*** SUPPLIED MATERIAL Section Begins ***

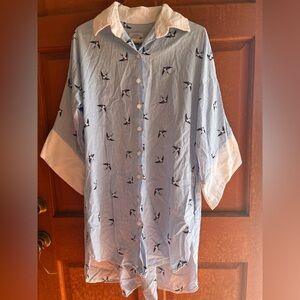 Blue and White Striped Skirt with Bird Design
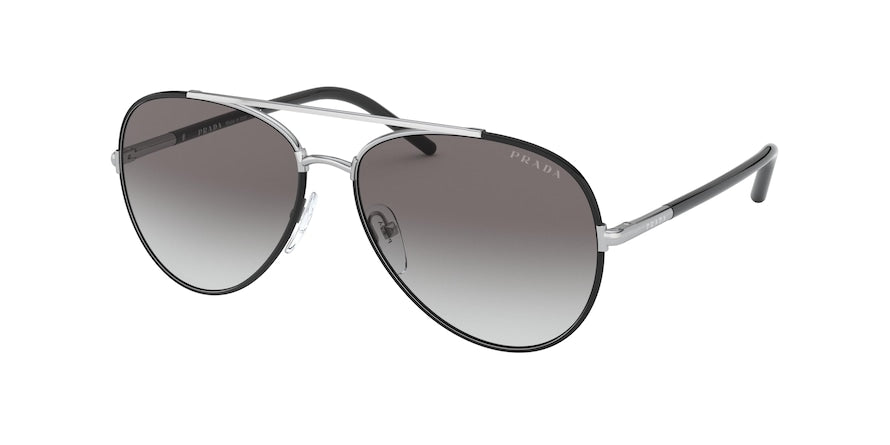 Prada PR66XS Round Sunglasses  4990A7-BLACK 57-14-140 - Color Map black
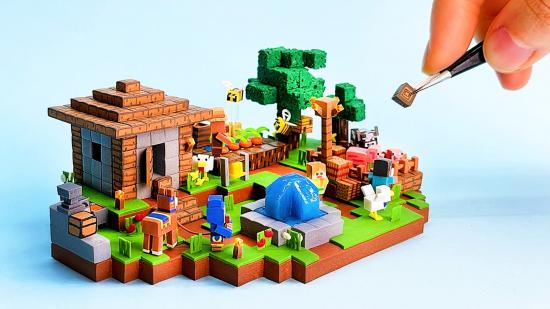 Minecraft ASMR: a YouTuber puts together a clay diorama of Minecraft home
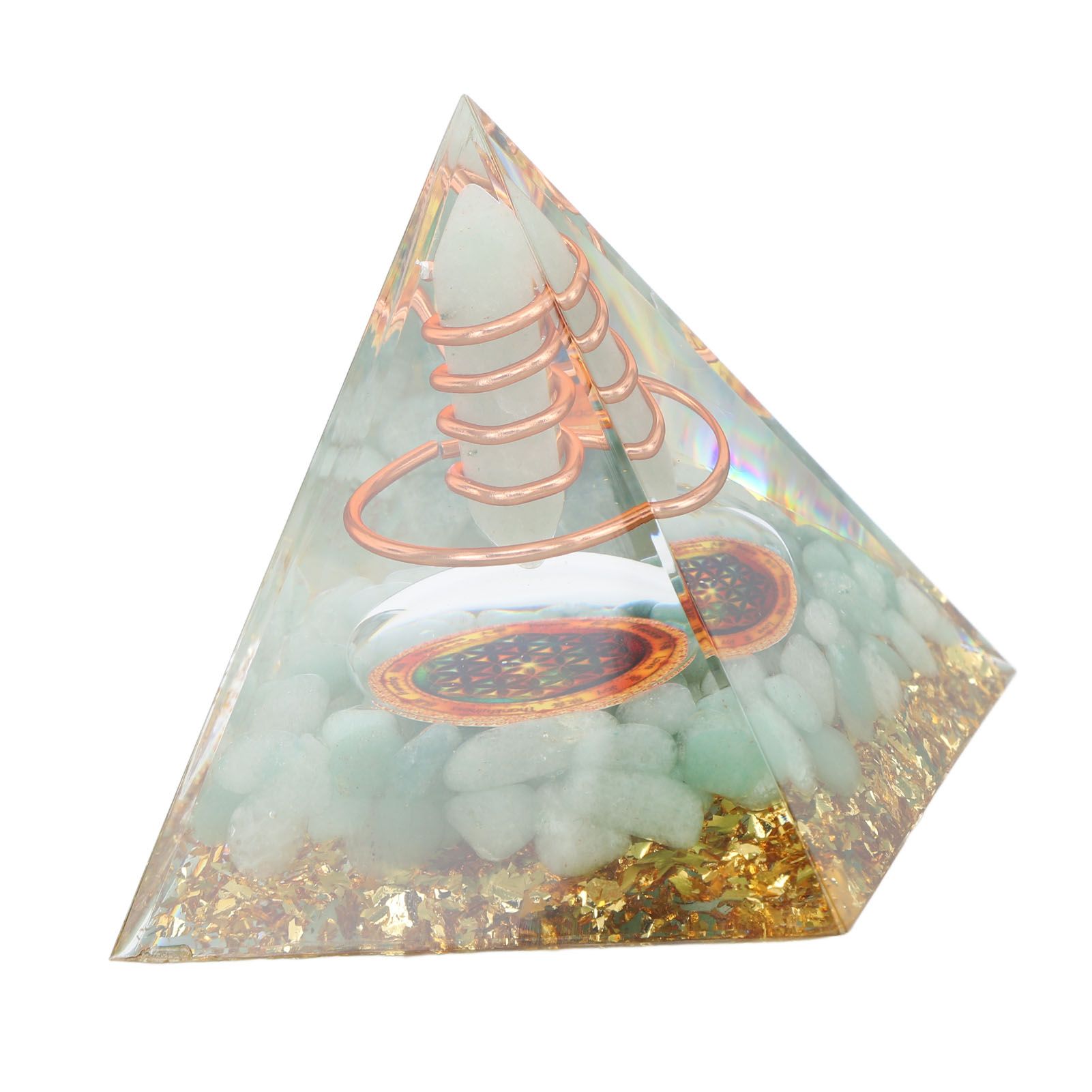 Orgonite Pyramid Crystal Energy Generator 6cm Stone Copper Handmade Pyramid view 15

*** SUPPLIED MATERIAL Section Ends ***

(EXERCISE OBJECTIVE):
The answer is every line of the data, exactly as written, with the pictures dropped.

(RESPONSE TO THIS TASK):
 Blue and White Striped Skirt with Bird Design
 Prada PR66XS Round Sunglasses  4990A7-BLACK 57-14-140 - Color Map black
 Minecraft ASMR: a YouTuber puts together a clay diorama of Minecraft home
 Orgonite Pyramid Crystal Energy Generator 6cm Stone Copper Handmade Pyramid view 15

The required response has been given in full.